Allah’tan üç beş yurtsever, duyarlı çevreci var da bütün bu talan ve yalan projeler için, kendi kısıtlı imkanlarıyla, aralarında topladıkları paraları kullanarak açtıkları davalar, yaptıkları suç duyurusu yoluyla talan projelerini durdurmaya çalışıyorlar.
İyi ki varlar
Bir kaç yıl önce gözü dönmüş sermaye sahiplerinden bazıları Çeşme’nin en verimli tarım alanlarından olan Ovacık için JES (Jeotermal Enerji Santralleri) yapacağız diye tutturmuştu, dava, bilirkişi incelemesi derken zor kurtardık Ovacık’ın Kavun ve Enginar tarlalarını. Yakın zamanda ise Ovacık ve Musalla Mahallesi’nde yer alan 4 adet RES inşaatının durdurulması mücadelesi verilmiş, açılan dava iptal kararı ile sonuçlanmasına rağmen, RES inşaatlarını mühürlemesi gereken Çeşme Belediyesi’nin ihmali sebebiyle maalesef RES’ler hala hukuka aykırı olarak dönmekte.
Son olarak Çeşme Projesi için aynı yurtsever ve duyarlı çevreci vatandaşlar, yine bu projenin durdurulması için davalar açtı, kamuoyu yarattı ve iki yıl uğraştı.
Nihayet 28 Mart 2022 Pazartesi günü, Çeşme Projesi ile ilgili flaş bilirkişi raporu açıklandı. Raporda; “İmar planlarının, planlama ilkelerine ve kamu yaranına uygun olmadığı kanaatine varılmıştır” ifadelerine yer verildi.
Biz başından beri hep söylüyorduk zaten, bu projenin Çeşme halkına bir yararı olmadığını...
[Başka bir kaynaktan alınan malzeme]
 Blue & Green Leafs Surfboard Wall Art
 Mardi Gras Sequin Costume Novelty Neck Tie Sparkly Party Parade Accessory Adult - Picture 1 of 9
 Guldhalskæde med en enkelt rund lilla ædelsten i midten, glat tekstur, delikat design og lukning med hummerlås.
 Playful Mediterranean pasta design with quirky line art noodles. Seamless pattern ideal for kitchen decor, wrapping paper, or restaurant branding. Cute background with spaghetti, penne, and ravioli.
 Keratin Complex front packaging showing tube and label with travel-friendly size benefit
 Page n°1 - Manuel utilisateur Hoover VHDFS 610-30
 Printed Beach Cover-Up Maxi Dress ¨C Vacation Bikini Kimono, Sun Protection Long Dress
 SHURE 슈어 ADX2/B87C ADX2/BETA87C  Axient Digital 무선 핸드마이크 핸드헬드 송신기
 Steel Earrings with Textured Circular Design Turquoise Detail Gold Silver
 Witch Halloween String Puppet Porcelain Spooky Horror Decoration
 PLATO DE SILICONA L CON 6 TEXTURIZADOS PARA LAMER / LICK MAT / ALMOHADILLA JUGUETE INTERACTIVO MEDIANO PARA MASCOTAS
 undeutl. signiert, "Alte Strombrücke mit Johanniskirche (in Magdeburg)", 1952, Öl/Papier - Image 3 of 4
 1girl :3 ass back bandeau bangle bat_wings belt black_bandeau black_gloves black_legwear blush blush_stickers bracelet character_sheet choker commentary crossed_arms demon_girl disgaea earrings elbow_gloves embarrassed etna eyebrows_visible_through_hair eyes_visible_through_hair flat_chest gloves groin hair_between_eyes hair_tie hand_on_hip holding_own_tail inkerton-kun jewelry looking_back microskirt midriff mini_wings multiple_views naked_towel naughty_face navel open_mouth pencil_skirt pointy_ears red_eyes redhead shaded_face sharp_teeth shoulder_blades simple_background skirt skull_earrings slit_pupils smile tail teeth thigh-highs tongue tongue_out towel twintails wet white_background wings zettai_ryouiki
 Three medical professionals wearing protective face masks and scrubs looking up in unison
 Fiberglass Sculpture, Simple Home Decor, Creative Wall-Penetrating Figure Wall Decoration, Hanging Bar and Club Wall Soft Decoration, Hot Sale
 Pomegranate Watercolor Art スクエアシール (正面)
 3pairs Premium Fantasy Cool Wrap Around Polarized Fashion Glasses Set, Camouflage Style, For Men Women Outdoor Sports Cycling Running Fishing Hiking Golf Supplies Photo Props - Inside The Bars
Neyse ki hala işini ve mesleğini namusuyla yapan bilirkişiler ve hakimler var Ülkemizde.
Aslına bakarsanız, bu projeyi gerçekleştirmeye, ne iktidarın ne de yereldeki küçük ortaklarının siyasi ömürleri yetmeyecekti ya neyse, bilirkişiler zaten noktayı koymuş.
Lakin Çeşme Ege’nin bir incisi olarak parıldamaya devam ettikçe doymak bilmez haramilerin her zaman ağzını sulandıracağı muhakkaktır.
Bu bakımdan Çeşme Halkı, Çeşme’yi gerçekten seviyor ve korumak istiyorsa -Kuşadası’na benzemek istemiyorsa- bir an önce halk olarak kendi gücünün farkına varmalı amasız, fakatsız Çeşme’ye sahip çıkmalıdır.
Misal, ilçeye can suyu olan Alaçatı Ot Festivali’nde Ekrem İmamoğlu ile poz verirken;
“İstanbul’da da, Çeşme’de de Kanal Projelerine, Talan Projelerine Hayır!” diyebilirlerdi.
Aksi takdirde mücadele edilmediği, tepki gösterilmediği için üzülerek söylüyorum ki Çeşme’de
ne toplayacak ne tanıtılacak ne de tadılacak ot ve bu otları yetiştirecek toprak kalmayacak.
Ezcümle; direnen kazanıyor, BU MEMLEKET BİZİM.